Admito que el presidente electo tomó la decisión correcta al situarse en un plano discreto mientras concluía el sexenio de Felipe Calderón. Le cedió casi completo el protagonismo de las últimas semanas, que el presidente en turno ha aprovechado para inaugurar obras, repartir abrazos y aligerar su imagen antes de dejar el cargo.

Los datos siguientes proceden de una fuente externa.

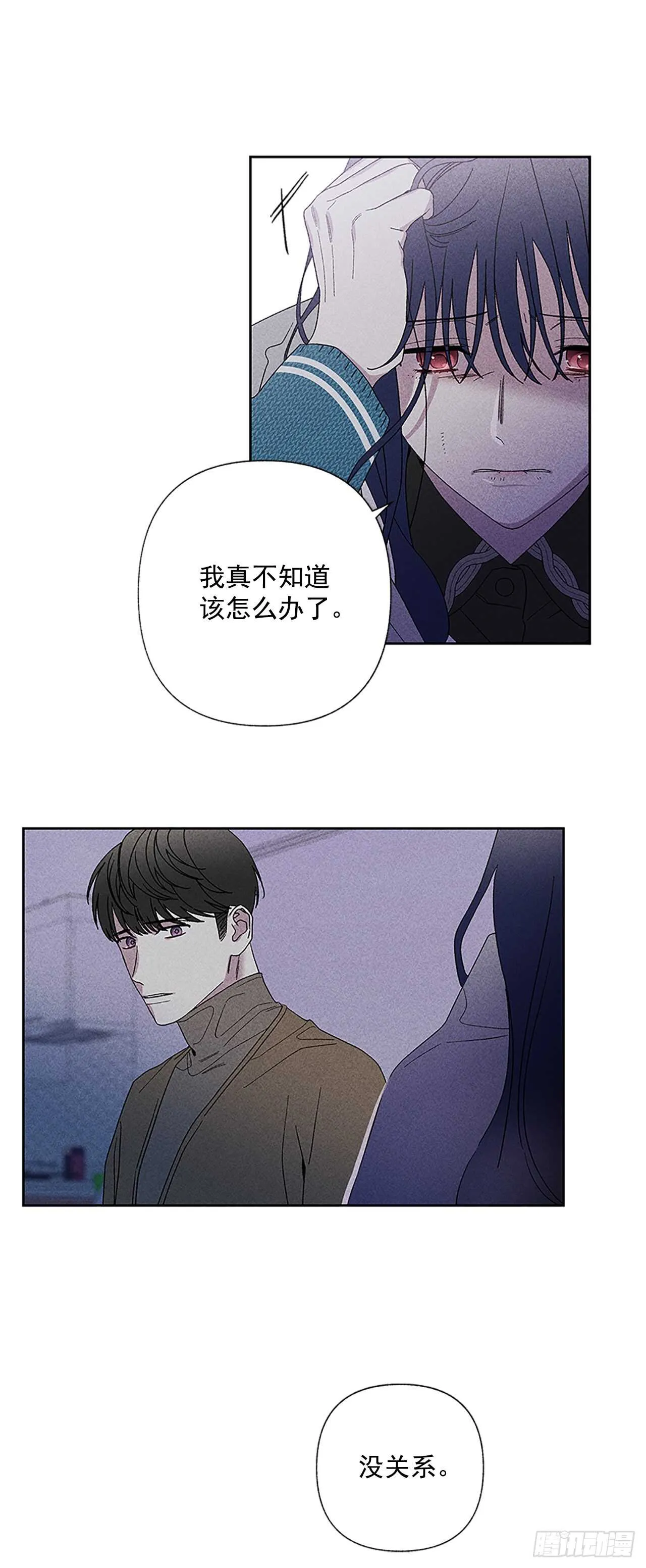 46.因为你不是怕鬼嘛 第25页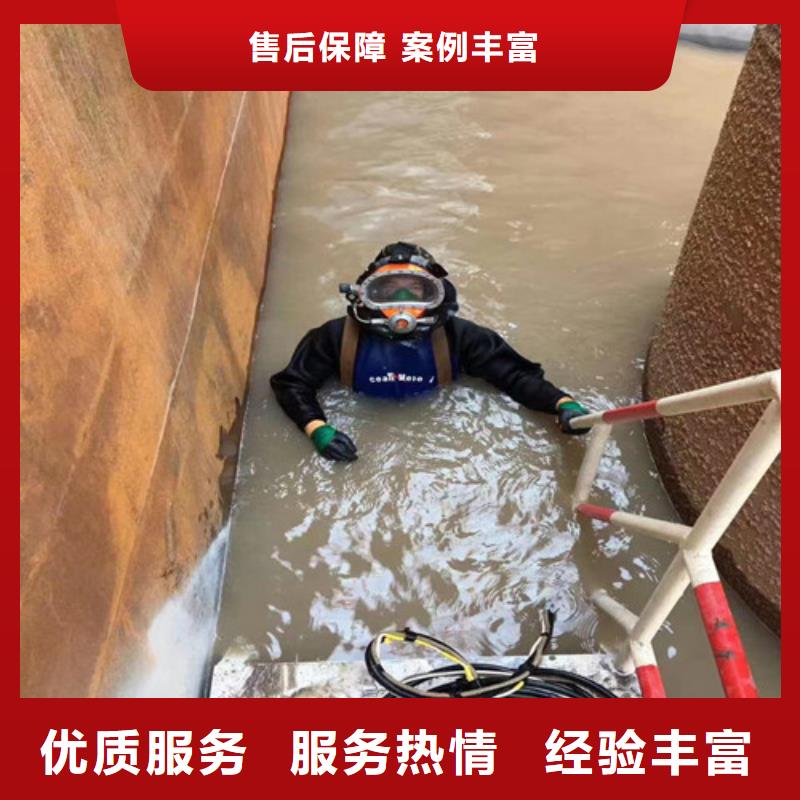 水下打孔费用是多少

Pero mientras concluye el larguísimo periodo de transición entre gobiernos, esa misma discreción le ha servido a Peña Nieto para “engañar con la verdad” —como solía decirse ayer y vuelve a ser verdad ahora— acerca de la integración de sus equipos de trabajo, los nombramientos de sus colaboradores y sus planes inmediatos: dijo que quienes encabezarían la transición no serían, necesariamente, los mismos que integrarían su gabinete. Así que mientras no llegue diciembre, todo será conjetura y especulación. Y en el camino, seguirá el más amplio despliegue de las viejas artes cortesanas.

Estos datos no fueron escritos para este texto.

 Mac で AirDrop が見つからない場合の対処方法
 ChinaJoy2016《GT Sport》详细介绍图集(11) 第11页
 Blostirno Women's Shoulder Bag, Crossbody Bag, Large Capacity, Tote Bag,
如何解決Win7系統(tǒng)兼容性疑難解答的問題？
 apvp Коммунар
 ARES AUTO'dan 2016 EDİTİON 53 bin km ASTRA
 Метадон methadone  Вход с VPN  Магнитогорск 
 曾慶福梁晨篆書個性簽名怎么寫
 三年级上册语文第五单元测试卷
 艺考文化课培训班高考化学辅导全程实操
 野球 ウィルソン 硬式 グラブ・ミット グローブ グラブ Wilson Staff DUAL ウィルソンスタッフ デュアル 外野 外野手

En cambio, sabemos mucho menos sobre los verdaderos planes que presentará el nuevo presidente. Ocultas tras las mismas telas que protegen los nombres de quienes serán los colaboradores iniciales del próximo gobierno, las políticas públicas que se pondrán en marcha durante el 2013 apenas se están dejando ver como siluetas. No hay nada claro ni definitivo y, probablemente, tampoco haya nada durante las primeras semanas de gobierno, pues las inercias aconsejan ir dosificando novedades y actuando con cautela: la “pragmática política” —esa expresión que volví a escuchar hace unos días— no es ideología sino consenso, y no reclama posturas acabadas sino puntos de partida para ir construyendo en el camino. ¿Con quiénes? Con quienes sepan enseñar, al mismo tiempo, su fuerza, su lealtad y su disposición.

¿Cuándo? En el momento necesario: ni antes ni después.

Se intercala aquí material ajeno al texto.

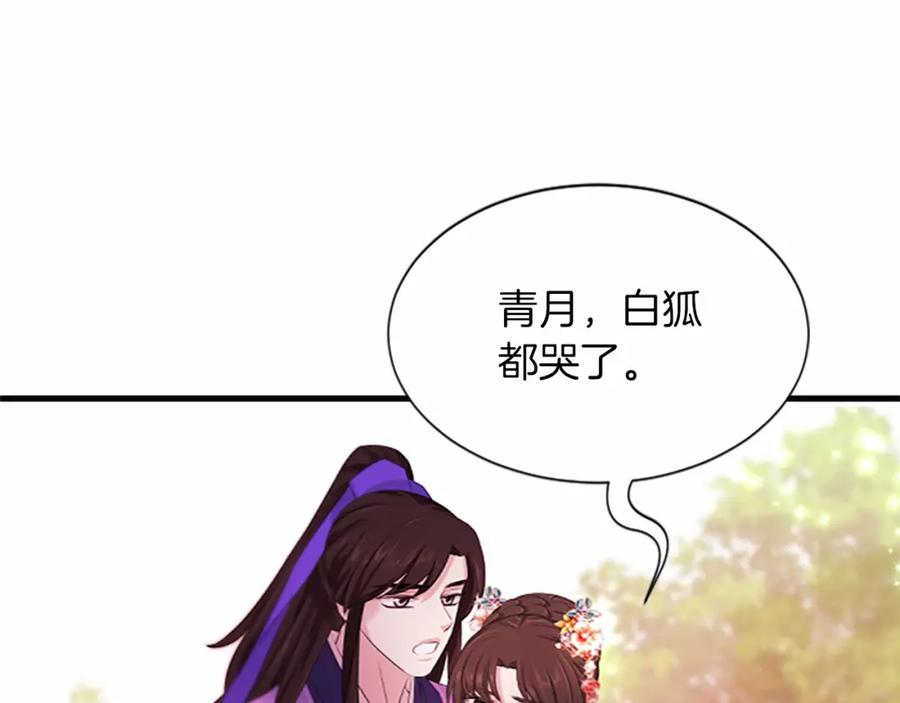 《凤凰血》第106话 失去才明白 第48页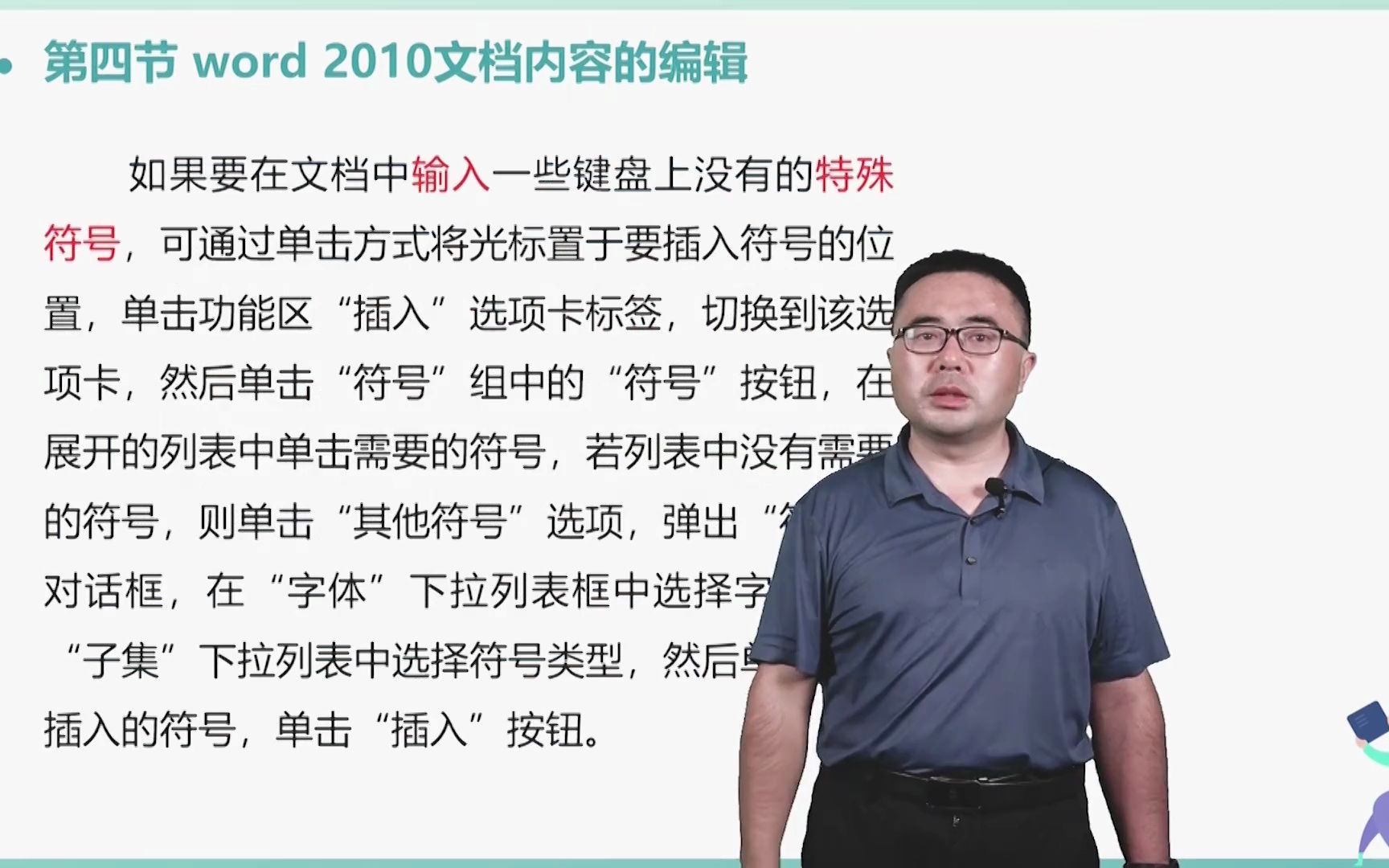 【专升本信息技术】第三章 Word 2010文字处理软件3.4.1 word 2010文档内容的编辑1哔哩哔哩bilibili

Con todo, las rutinas establecidas también ordenan que primero haya un discurso de apertura, luego una pasarela de los colaboradores más cercanos y finalmente un plan nacional de desarrollo. Y cuando esa secuencia comience a suceder, no sólo habrá quedado atrás la morosa despedida del gobierno actual, sino que muy probablemente se apagarán también los reflectores que todavía están deslumbrando a las cámaras legislativas y las agendas públicas volverán a situarse en los territorios habituales del Ejecutivo federal. Pero tampoco sabremos demasiado, pues la Constitución todavía ordena que el plan se apoye en una amplia “consulta popular” que le abrirá una nueva oportunidad al presidente Peña Nieto para seguir tejiendo alianzas y confeccionando redes.

La ventaja que siempre ha tenido el PRI sobre sus adversarios está en su ambigüedad pragmática: nada es absolutamente cierto, ni definitivamente falso; ninguna decisión está comprometida de antemano; todas las opciones caben, mientras sea posible y necesario; no hay enemigos para siempre, ni tampoco amigos incondicionales; todo es negociable, excepto la jerarquía y la autoridad; y nadie está completamente vivo ni completamente muerto. Si alguien espera definiciones acabadas y rutas de acción inapelables, se habrá equivocado por seis años.

Así llegó Enrique Peña Nieto hasta Los Pinos, de modo que nadie debería esperar algo distinto. El viejo y conocido pragmatismo del régimen que engendró al siguiente presidente está de vuelta. Bienvenidos, que cada quien haga su juego.